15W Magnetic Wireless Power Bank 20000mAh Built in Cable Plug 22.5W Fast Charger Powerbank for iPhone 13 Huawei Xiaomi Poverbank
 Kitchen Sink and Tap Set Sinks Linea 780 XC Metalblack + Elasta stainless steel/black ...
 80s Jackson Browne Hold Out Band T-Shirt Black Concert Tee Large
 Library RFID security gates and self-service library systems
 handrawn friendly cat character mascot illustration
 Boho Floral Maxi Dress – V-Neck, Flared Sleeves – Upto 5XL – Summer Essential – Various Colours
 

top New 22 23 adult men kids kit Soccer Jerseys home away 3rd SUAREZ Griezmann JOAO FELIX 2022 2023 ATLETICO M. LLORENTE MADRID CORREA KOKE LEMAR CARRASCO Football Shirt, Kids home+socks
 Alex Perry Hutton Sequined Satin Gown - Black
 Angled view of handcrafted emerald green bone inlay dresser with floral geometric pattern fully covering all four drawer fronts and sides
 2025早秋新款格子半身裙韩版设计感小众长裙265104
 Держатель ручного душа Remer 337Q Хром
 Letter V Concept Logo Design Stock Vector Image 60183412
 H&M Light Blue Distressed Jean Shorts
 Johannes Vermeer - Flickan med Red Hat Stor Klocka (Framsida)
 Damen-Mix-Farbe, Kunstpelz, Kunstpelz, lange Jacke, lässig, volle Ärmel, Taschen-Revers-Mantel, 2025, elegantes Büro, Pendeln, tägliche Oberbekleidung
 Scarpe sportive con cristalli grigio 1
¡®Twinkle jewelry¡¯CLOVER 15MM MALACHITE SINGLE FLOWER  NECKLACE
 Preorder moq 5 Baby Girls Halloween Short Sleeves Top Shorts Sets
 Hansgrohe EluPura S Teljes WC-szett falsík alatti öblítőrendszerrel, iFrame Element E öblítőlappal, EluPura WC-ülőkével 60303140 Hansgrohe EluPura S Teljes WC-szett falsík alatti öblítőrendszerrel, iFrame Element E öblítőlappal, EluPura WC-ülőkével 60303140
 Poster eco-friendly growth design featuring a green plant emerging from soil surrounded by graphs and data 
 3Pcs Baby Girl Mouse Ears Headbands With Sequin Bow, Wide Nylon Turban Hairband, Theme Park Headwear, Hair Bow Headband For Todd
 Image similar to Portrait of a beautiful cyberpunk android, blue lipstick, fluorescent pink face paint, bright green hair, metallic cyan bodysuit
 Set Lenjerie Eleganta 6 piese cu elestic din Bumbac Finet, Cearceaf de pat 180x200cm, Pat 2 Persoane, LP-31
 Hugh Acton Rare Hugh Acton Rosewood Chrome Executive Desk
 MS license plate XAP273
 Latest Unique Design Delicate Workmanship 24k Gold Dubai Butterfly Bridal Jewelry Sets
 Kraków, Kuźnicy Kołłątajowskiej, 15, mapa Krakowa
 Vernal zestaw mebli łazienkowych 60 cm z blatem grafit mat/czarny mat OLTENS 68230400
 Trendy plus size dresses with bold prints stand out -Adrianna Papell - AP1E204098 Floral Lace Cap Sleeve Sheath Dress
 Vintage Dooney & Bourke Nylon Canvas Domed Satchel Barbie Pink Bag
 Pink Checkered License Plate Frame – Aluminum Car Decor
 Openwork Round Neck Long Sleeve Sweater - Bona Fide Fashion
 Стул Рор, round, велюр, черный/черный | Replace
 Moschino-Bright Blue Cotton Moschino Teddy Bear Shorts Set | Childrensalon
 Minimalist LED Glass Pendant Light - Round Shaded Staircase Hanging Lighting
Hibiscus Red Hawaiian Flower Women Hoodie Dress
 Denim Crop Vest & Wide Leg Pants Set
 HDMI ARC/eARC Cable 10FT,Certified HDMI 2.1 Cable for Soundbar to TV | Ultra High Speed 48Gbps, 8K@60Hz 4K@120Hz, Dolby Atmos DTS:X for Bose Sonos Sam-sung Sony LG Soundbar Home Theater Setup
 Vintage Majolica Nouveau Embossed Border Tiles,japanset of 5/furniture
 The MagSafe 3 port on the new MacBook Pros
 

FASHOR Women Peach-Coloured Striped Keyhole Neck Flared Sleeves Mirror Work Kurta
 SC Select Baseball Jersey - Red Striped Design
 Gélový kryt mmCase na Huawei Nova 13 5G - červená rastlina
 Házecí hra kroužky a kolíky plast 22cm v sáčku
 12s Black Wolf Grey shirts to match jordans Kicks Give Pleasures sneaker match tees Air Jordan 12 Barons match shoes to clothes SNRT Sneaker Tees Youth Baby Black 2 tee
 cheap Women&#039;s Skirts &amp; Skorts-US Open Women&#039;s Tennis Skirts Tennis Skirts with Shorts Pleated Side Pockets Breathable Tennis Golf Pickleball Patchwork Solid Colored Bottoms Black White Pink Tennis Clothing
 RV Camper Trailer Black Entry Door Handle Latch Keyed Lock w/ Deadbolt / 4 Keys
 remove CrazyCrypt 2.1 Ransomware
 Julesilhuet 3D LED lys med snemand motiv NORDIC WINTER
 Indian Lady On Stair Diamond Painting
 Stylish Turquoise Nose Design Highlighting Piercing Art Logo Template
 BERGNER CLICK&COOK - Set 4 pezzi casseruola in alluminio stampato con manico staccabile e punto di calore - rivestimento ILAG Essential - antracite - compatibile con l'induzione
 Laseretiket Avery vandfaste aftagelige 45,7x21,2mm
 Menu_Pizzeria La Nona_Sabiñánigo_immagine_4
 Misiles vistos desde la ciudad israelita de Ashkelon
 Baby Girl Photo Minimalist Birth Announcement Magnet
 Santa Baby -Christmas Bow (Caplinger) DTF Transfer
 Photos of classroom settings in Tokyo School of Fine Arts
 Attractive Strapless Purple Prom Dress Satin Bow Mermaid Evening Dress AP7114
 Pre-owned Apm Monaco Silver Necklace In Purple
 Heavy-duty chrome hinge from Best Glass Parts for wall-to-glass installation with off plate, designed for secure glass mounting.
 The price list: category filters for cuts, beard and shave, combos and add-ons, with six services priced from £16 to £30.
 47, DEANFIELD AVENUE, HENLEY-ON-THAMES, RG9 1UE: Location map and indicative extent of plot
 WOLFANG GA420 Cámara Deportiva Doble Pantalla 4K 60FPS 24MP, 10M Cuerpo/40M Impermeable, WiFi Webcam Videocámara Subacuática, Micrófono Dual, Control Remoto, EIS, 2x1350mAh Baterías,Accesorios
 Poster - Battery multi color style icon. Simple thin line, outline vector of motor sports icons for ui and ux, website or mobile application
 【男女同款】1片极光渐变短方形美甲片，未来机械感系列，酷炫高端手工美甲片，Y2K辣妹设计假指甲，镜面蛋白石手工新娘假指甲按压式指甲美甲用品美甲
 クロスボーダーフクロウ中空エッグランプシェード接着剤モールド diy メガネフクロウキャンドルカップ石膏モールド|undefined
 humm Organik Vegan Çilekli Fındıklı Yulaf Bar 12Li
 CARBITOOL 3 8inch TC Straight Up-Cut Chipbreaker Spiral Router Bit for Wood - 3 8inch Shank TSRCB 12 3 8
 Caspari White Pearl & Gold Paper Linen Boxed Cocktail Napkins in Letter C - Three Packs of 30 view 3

— Exercise —
Return only the stretch of the material above from the line holding "Minimalist LED Glass" through the line holding "The price list: category", copied exactly.

— Output —
 Minimalist LED Glass Pendant Light - Round Shaded Staircase Hanging Lighting
Hibiscus Red Hawaiian Flower Women Hoodie Dress
 Denim Crop Vest & Wide Leg Pants Set
 HDMI ARC/eARC Cable 10FT,Certified HDMI 2.1 Cable for Soundbar to TV | Ultra High Speed 48Gbps, 8K@60Hz 4K@120Hz, Dolby Atmos DTS:X for Bose Sonos Sam-sung Sony LG Soundbar Home Theater Setup
 Vintage Majolica Nouveau Embossed Border Tiles,japanset of 5/furniture
 The MagSafe 3 port on the new MacBook Pros
 

FASHOR Women Peach-Coloured Striped Keyhole Neck Flared Sleeves Mirror Work Kurta
 SC Select Baseball Jersey - Red Striped Design
 Gélový kryt mmCase na Huawei Nova 13 5G - červená rastlina
 Házecí hra kroužky a kolíky plast 22cm v sáčku
 12s Black Wolf Grey shirts to match jordans Kicks Give Pleasures sneaker match tees Air Jordan 12 Barons match shoes to clothes SNRT Sneaker Tees Youth Baby Black 2 tee
 cheap Women&#039;s Skirts &amp; Skorts-US Open Women&#039;s Tennis Skirts Tennis Skirts with Shorts Pleated Side Pockets Breathable Tennis Golf Pickleball Patchwork Solid Colored Bottoms Black White Pink Tennis Clothing
 RV Camper Trailer Black Entry Door Handle Latch Keyed Lock w/ Deadbolt / 4 Keys
 remove CrazyCrypt 2.1 Ransomware
 Julesilhuet 3D LED lys med snemand motiv NORDIC WINTER
 Indian Lady On Stair Diamond Painting
 Stylish Turquoise Nose Design Highlighting Piercing Art Logo Template
 BERGNER CLICK&COOK - Set 4 pezzi casseruola in alluminio stampato con manico staccabile e punto di calore - rivestimento ILAG Essential - antracite - compatibile con l'induzione
 Laseretiket Avery vandfaste aftagelige 45,7x21,2mm
 Menu_Pizzeria La Nona_Sabiñánigo_immagine_4
 Misiles vistos desde la ciudad israelita de Ashkelon
 Baby Girl Photo Minimalist Birth Announcement Magnet
 Santa Baby -Christmas Bow (Caplinger) DTF Transfer
 Photos of classroom settings in Tokyo School of Fine Arts
 Attractive Strapless Purple Prom Dress Satin Bow Mermaid Evening Dress AP7114
 Pre-owned Apm Monaco Silver Necklace In Purple
 Heavy-duty chrome hinge from Best Glass Parts for wall-to-glass installation with off plate, designed for secure glass mounting.
 The price list: category filters for cuts, beard and shave, combos and add-ons, with six services priced from £16 to £30.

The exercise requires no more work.